Americans aren’t happy about the economy’s direction, and poll ratings about Donald Trump’s handling of it are among his lowest. What is more concerning politically is that most Americans expect things to get worse. Still, by many different measures of what work and workplaces are like every day, Americans who have jobs this Labor Day express considerable satisfaction.
Happy Workers? In the mid-August Economist/YouGov poll, 25% of those with jobs said they were very happy with them, while 40% were happy. Just 7% were unhappy and 3% very unhappy. What stands out in this poll and many others is the low level of job dissatisfaction nationwide. In Gallup’s latest, 48% of adults employed full- or part-time said they were completely satisfied with their job and another 38% were somewhat satisfied. Just 10% were somewhat dissatisfied, and 3% completely dissatisfied. Over the past decade, no more than 13% of those surveyed have said they were somewhat or very dissatisfied with their jobs. Pew, uses a different scale from Gallup’s and also finds a very low level of dissatisfaction. Fifteen percent in their most recent poll were extremely satisfied with their job, 35% very satisfied, 38% somewhat satisfied, 9% not too, and 2% not at all satisfied.

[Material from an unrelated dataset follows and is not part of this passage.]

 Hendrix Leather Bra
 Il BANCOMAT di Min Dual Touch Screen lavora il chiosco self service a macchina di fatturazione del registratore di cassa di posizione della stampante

Job Specifics: The response “completely satisfied” is a very high bar, yet Gallup finds that majorities of adults employed full- or part-time are completely satisfied with the safety of their workplaces (70%), their relations with coworkers (67%), the flexibility of their hours (63%), their boss (60%), their job security (57%), the amount of vacation time they receive (54%), the amount of work required of them (54%), and the recognition they receive at work (52%).

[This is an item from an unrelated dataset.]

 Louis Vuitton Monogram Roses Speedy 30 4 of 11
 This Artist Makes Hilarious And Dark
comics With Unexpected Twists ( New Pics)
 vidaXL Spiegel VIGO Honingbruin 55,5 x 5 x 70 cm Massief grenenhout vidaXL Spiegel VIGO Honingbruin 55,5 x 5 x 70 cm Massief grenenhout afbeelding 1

It is hardly surprising that there is more concern about pay and benefits, but here, too, the responses deflate the narrative of disgruntled workers. Thirty-six percent in Gallup’s most recent poll were completely satisfied with their health insurance, and another 28% are somewhat satisfied. Thirty-five percent are completely satisfied with their retirement plans, with another 32% are somewhat so. Thirty-one percent are even completely satisfied with the money they earn, and another 44% are somewhat satisfied. For each of these three items, only around 10% were completely dissatisfied.
Perhaps more impressive than a single year’s responses are Gallup’s trends on all of these items. The organization has asked the identical questions yearly since 2001, and the results are remarkable stable and positive.

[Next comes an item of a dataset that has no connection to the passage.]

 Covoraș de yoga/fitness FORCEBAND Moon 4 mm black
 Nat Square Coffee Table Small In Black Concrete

Pew measures attitudes to job features that are similar to Gallup’s. Their five-part response scale produces lower “extremely” satisfied responses than Gallup’s “completely” satisfied ones. In both polls, though, job dissatisfaction is low. No more than 13 percent said they were “not at all satisfied” with any of the 10 items Pew has been tracking.
The 11th item, the ability to work remotely, produces a greater degree dissatisfaction. Twenty-eight percent told Pew they are not at all satisfied with this aspect of their jobs. In Gallup’s survey, 14% were completely dissatisfied with this. Polls show that people prefer a hybrid arrangement if it is possible.
There are differences in the way demographic groups respond to these questions. Higher income workers and whites are generally more satisfied than lower income and black workers. Young people, just starting out and at the bottom of the income ladder, are often more dissatisfied than older workers with job features such as pay. But they are usually more optimistic than older people about their long-term prospects- their dissatisfaction is an indicator of where they are in the lifecycle. And today with high unemployment for new labor force entrants, many of whom are young, is a particularly difficult time.
Trends show us that some workplace concerns disappear and new ones arise. Gallup still asks people about the safety of their workplaces. Most workers today are highly confident about this, but that wasn’t the case in the1960s or before. In Roper Starch Worldwide data from the 1970s about the purpose of work, the importance of more leisure time was becoming clear, and the idea of work-life balance was born. Employees seem to be satisfied with the flexibility of their schedules, but recent polls like the ones above show dissatisfaction about being able to work remotely.
Pollsters and consultants make a bundle of money telling corporations what their workers want, and tailored approaches are no doubt useful for companies in a competitive business environment. What they shouldn’t obscure is the solid finding that most workers are happy with most features of their jobs. Happy Labor Day.